一村さんへの手紙 2022年12月

一村さんへ
今日、絵を見させていただきましたが、どの絵も、とてもきれいな絵でした。
東京の美術大学に通っている者です。
授業で教授に紹介されて、ずっと生でみてみたいなと思っていました。
遠かったけど、建築・環境含め一村さんの世界観を感じられたので来て良かったです!
動物も植物も“生”を感じました。数年後にまた来たいと思います。
どうしても、その場で見たくて奄美まで来ました。
千葉、滋賀…。きれいな美術館で見てもしっくりこなかったからです。
同じ匂いや空気、湿り感の洗礼を受けながら、見ているうつに涙が止まらなくなってしまいました。

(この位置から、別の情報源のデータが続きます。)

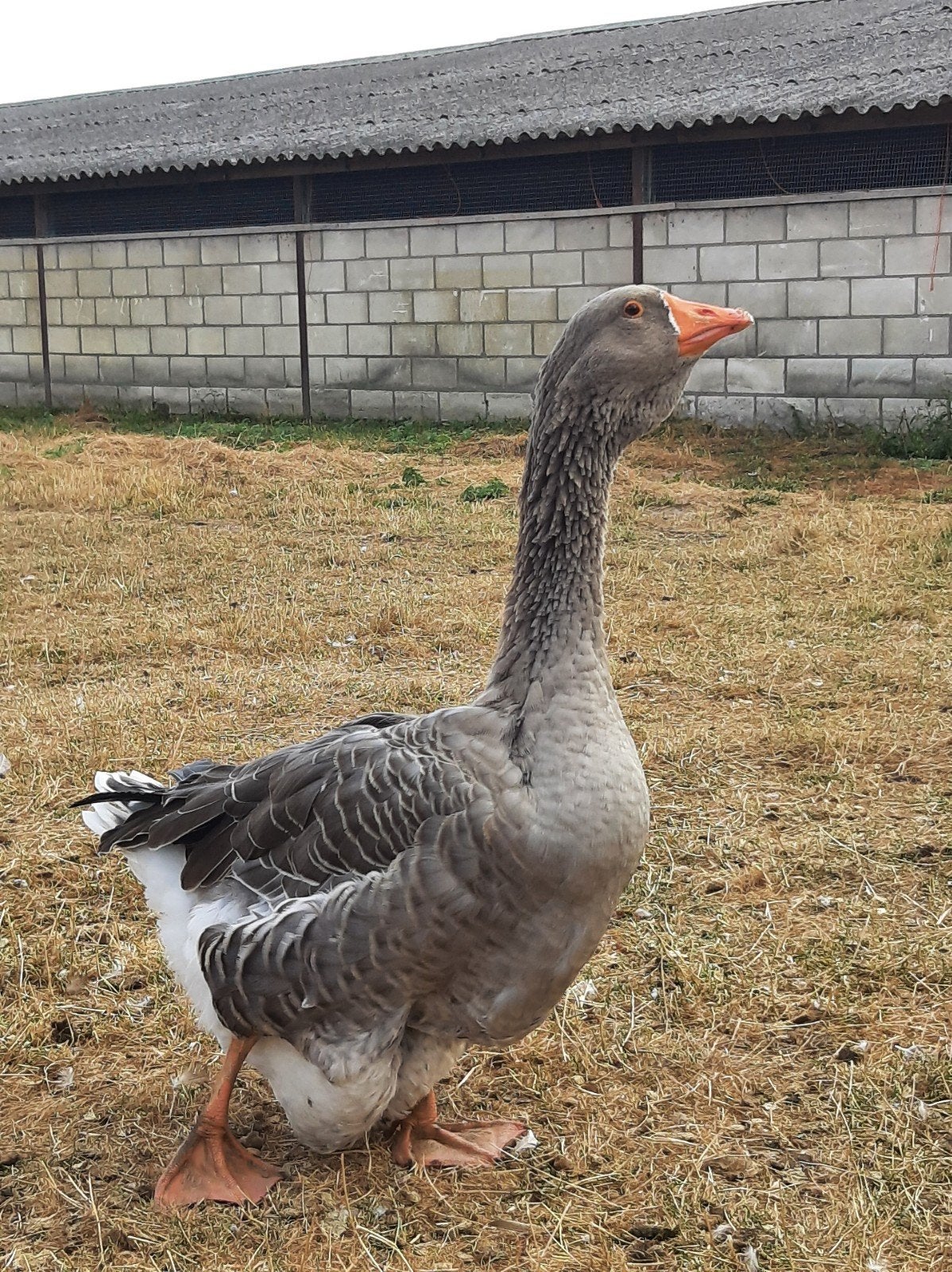 Toulouse ganzen Dewlap, Dieren en Toebehoren, Pluimvee, Mannelijk, Gans of Zwaan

「本物には人を圧倒する力がある。人を黙らせて泣かせる力がある。」
これは、私が学芸員1年生の時に先輩から言われて、いまだに使わせてもらっています。
一村さん、泣かせて頂きました。
奄美に来て初めて一村さんの暮らしぶりを知ることができました。
貧しいながらも、持って生まれた才能を発揮できいい人生だったのかな?と思います。
家族愛に恵まれなかったが、お姉さんの優しい心で守られ絵を描き続けられたのかな。
芸術家って世が認めなければ才能を十二分に表すことができないなんて残念。
キッズクラブの皆さん一村さんを盛り上げもっと日本中に知らしめて欲しい。
とうとう、とうとう、奄美に来れたよ。
40年近く前、横浜高島屋の展示会場で1枚1枚の絵を見、キャプションを読み、展示室にも関わらず、涙が止まりませんでした。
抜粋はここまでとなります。